A cowboy’s cowboy, the Kid sat a horse well and had the reputation
of being the best roper in the Panhandle.
On the sprawling Matador
Ranch, where he spent much of his career as a waddy, the foreman
often worked him as an “outside man,” someone who didn’t mind saddling
up and riding off by himself to hunt up a stray.
Considering the Kid’s background, that was fitting duty. He was something
of a dogie himself.
Born in Ohio in 1873 (no one has found the day and month or place
of birth), William E. Parlow became an orphan at an early age.
By 1880, when census takers canvassed the small town of Chicaskia,
Kansas, they listed him as living there with his maternal grandparents.
Legend has two uncles in Kansas City taking him to raise, but their
generous gesture didn’t atone for the fact that they were cattle thieves.
When they got caught in the act and killed, young Billy once again
was one his own.
Ridge Greathouse, a professional poisoner of wolves and other
range predators, found the 12-year-old Partlow on the streets of Kansas
City and learned that he wanted to be a cowboy. Greathouse had done
work for D.B. Gardner, manager of the Pitchfork Ranch
west of Guthrie.

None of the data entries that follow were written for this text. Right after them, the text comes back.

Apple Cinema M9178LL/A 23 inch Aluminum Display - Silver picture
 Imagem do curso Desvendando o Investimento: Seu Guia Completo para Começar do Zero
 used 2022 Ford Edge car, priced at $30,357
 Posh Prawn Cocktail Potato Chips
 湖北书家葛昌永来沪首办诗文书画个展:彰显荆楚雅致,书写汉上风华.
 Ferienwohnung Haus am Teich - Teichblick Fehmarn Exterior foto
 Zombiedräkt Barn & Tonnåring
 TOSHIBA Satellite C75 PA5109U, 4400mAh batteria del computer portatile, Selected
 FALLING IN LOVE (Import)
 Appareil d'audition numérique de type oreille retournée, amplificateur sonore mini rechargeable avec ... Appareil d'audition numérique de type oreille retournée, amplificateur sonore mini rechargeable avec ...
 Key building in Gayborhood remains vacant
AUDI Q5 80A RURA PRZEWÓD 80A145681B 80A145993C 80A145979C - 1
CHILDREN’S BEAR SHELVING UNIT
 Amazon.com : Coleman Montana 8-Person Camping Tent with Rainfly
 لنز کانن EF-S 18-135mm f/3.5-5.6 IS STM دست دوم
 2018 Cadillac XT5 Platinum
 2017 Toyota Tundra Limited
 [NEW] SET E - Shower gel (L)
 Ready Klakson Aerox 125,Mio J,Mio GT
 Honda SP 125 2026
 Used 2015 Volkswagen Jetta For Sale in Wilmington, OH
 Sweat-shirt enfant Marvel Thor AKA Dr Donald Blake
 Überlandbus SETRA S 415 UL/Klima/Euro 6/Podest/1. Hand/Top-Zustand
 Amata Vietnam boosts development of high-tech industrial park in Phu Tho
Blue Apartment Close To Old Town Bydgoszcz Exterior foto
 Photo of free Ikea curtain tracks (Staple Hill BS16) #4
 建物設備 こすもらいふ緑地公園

Knowing Gardner was in KC on business, Greathouse
brought the boy to him.
Luckily for Partlow, Gardner loved children and took him back to Texas.
The boy wanted to ride the range immediately, but Gardner said he
was too young and wouldn’t let him stray too far from the ranch headquarters.
Instead, he tried to see that the boy got some book-learning, but
he didn’t take to that very well.
The way Gardner did that was to farm Billy out to neighboring rancher
J.T. George and his wife, a school teacher. She encouraged him to
read but to what extent she succeeded isn’t known.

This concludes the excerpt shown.